Retail is experiencing a revolution. Business practices, and, in some cases, entire business models are being fundamentally disrupted. With the forces of innovation coming from every direction and at unprecedented speed, it is easy to lose sight of the fact that the underlying technological characteristics of Industry 4.0 are evolutionary.

According to Venture Scanner, a company that monitors start-up investment activity, over 1,500 retail technology start-ups are operating in the marketplace in Q1 2017. The solutions these companies have developed address more than twenty distinct categories of retail-specific functionality. The pace of innovation and number of options available to retailers is remarkable.
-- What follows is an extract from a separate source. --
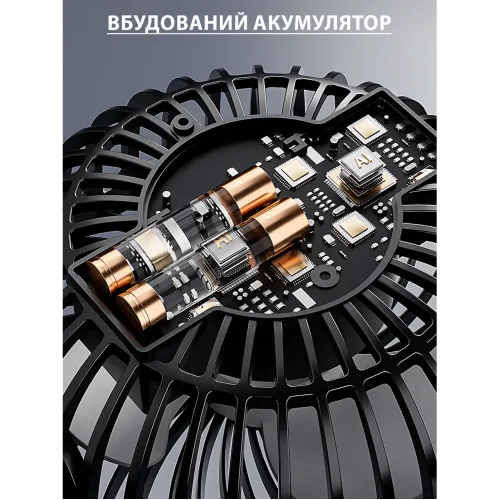 Компактний вентилятор AND1261 настільний/настінний, 3 швидкості, USB, 800 мА·год, тихий 62-70 дБ, 5 Вт, 13×13 см - фото 5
To navigate this overwhelming landscape, Ron Adner and Rahul Kapour of the Harvard Business Review argue companies should pay attention to dynamics within the ecosystems of new and existing technologies rather than emphasizing how new solutions stack up against one another.
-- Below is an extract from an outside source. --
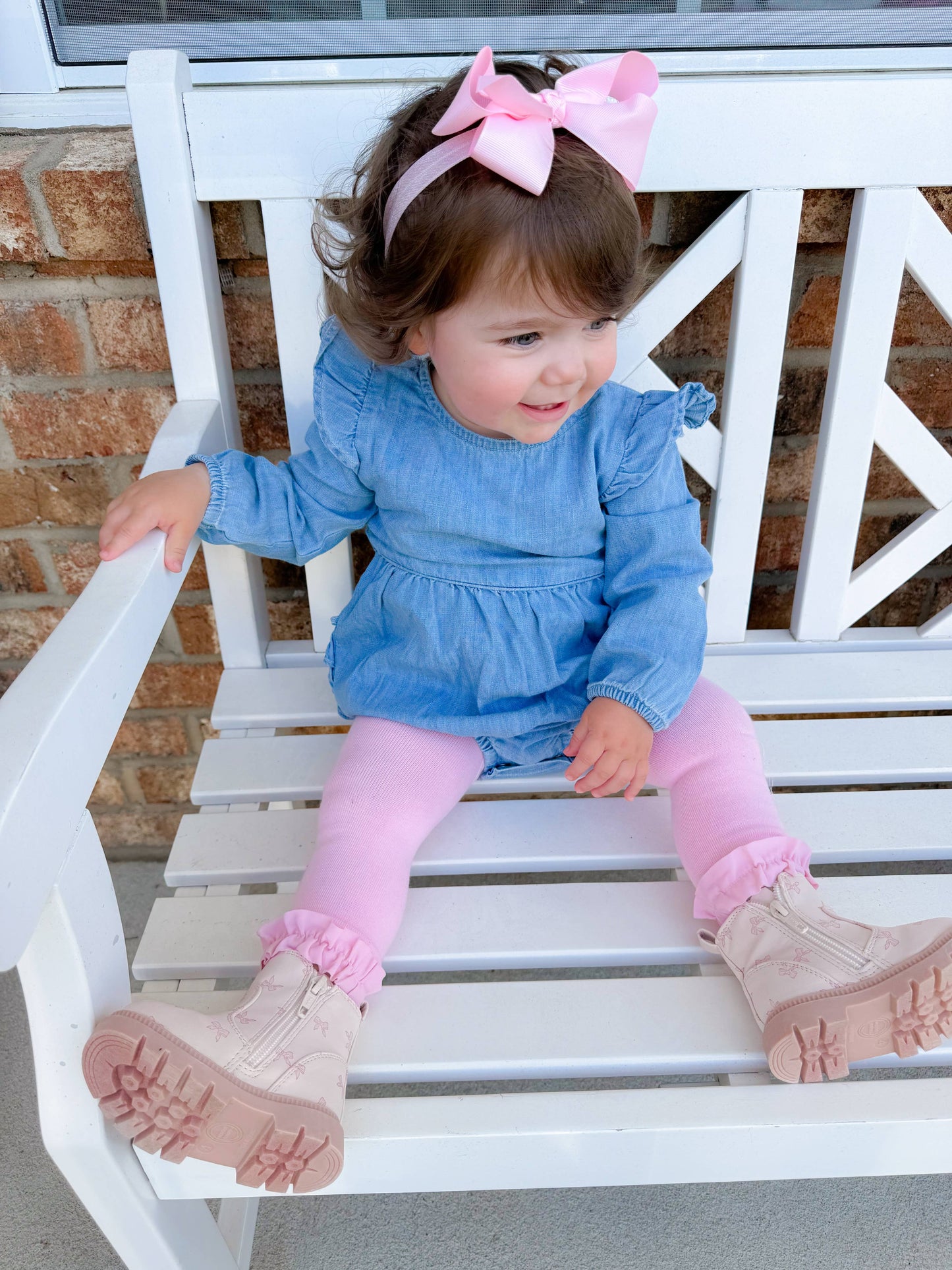 Footless Ruffle Tights - Classic Pink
Existing technologies operate within ecosystems that have proved to be durable. Emerging technologies are embedded in emergent ecosystems. A new solution can fail if it depends too much on other emerging technologies in its ecosystem that prove to be inadequately robust or unstable. Similarly, an existing technology becomes obsolete when its ecosystem stops being able to support innovation.

The emergent technologies of Industry 4.0 are being developed and deployed on top of foundational technologies that include robust networking hardware, smartphone technology, ubiquitous communication infrastructure, and established cloud services and data storage. It isn’t just the chronology of development that is important. These foundational technologies have a successful history of adoption and ongoing use that defines and enhances their ecosystem. Early adopters like Amazon pioneered e-commerce. SaaS began with business functions like CRM and EDI for which a compelling case could be made.  

At the dawn of Industry 4.0, e-retail has become table stakes, and many companies have moved their entire ERP and WMS systems into the cloud.  Harvard Business Review describes the business case for migrating enterprise software to the cloud as a ‘slam dunk.’  In their survey, 71% of companies reported that the move improved agility, and 84% reported increasing their use of cloud services. Our own study together with the University of Tennessee’s Global Supply Chain Institute found 94% of companies using SaaS to manage EDI transactions reported improved supply chain discipline, and 88% reported that their costs went down or stayed the same.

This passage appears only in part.